The federal Interagency Grizzly Bear Study Team, which took charge of the investigation, needed a month to conclude that there was “no clear explanation for the behavior of this bear,” though a lucid possibility fairly leaped off her chart.

Her weight at the time of death was 216 pounds, or about 80 pounds less than average for a full-grown sow. Like her cubs, called malnourished by the zoo’s curator, and countless other bears forced downhill by hunger, she was a forerunner of the turmoil that awaits us all: species pushed to breaking by climate change.

...


Suspended over the Earth, like the bolt of cheap foam that underlies a living-room rug, are trillions of gas molecules that shake when light hits them, creating heat and sending it earthward. Those molecules, produced by natural activities like plant respiration and volcanoes, have hung there since the planet became livable, post–Ice Age; absent carbon dioxide, methane, and other dense vapors, Palm Springs would still be permafrost. And as we’ve learned by drilling holes into Arctic ice sheets to read their chemical profiles, the ratio of those particles had held remarkably firm for 10,000 years or so, balancing the energy retained from the sun with the amount sent back into space.

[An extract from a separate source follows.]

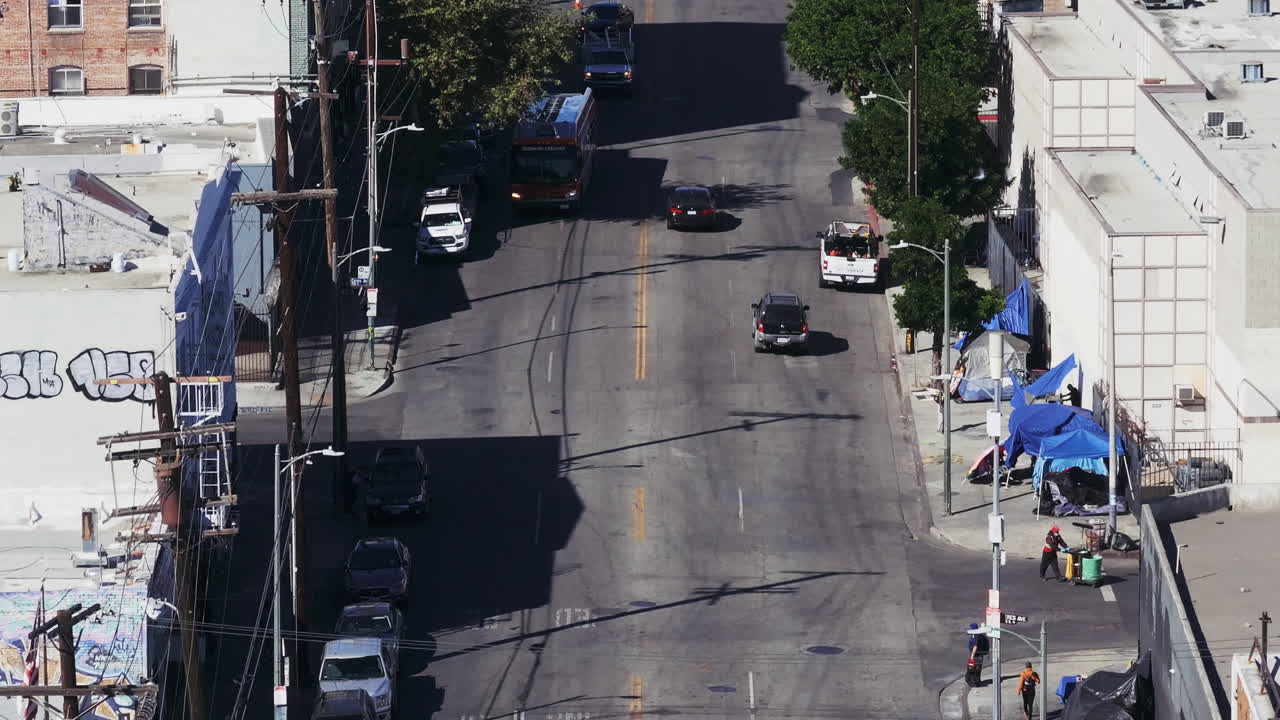 High-angle view of a city street with traffic, buildings, and a roadside encampment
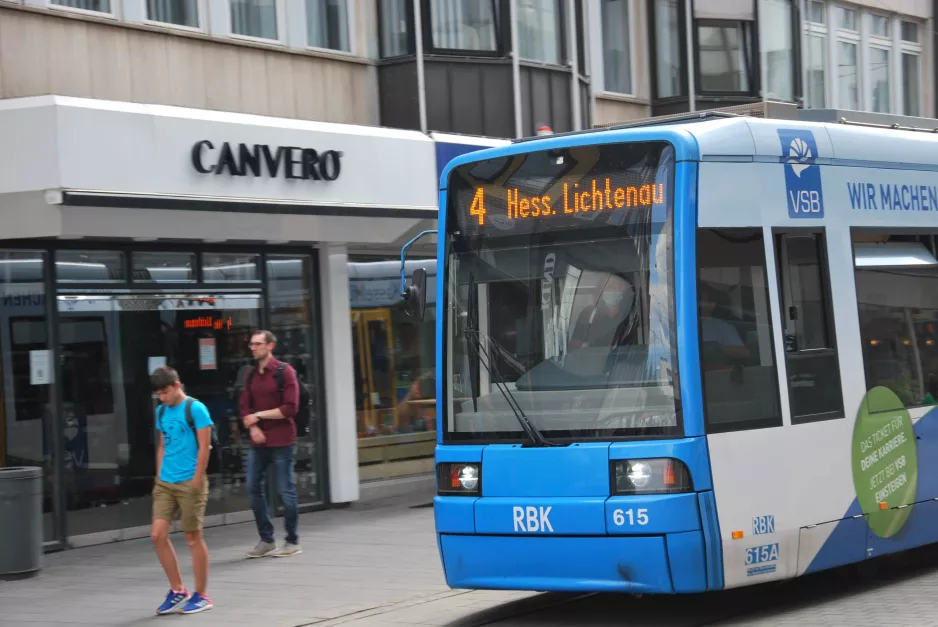 Kassel tram line 4 with low-floor articulated tram 615 in front of Obere Königsstraße 22 (2022)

But since the construction, in 1750, of the first coal-fired factories (and the invention, a century later, of the internal-combustion engine), the density of greenhouse gases has increased by a third, holding in much of the solar radiation that bounces off sidewalks and snowcaps. This set up a vicious feedback loop, in which the extra heat was reflected down into the soil or got stored in those giant holding vats, our oceans.
"If we could somehow scale back carbon, we’d still stay hot for centuries, manifesting the energy trapped in seas,” says Running, the University of Montana ecologist. “But if we don’t scale it back, we’ll soon cross a threshold where all of the sea ice melts — and then there’s no telling how high the oceans will get or any known way to make it stop.”
For eons, nature balanced its own emissions by capturing some of the gases in carbon sinks like marshes, soil, and forests. Trees are particularly deft sponges of carbon: Their leaves or needles convert it to sugars that feed them from crown to root, and they go on sopping up noxious particles until they rot, burn down, or get logged. But when clear-cutting commenced on a massive scale in the middle of the 19th century, the planet doubled down on its carbon load, making much more and trapping less. Roughly half the world’s woodlands have vanished since then. There’s a net loss the size of Greece each year — and no effort under way to start replanting."

M's notes: I've got an idea. Stop wasting earth's precious carbon to produce or buy things that contaminate it like plastics, factory produced food and "natural" gas.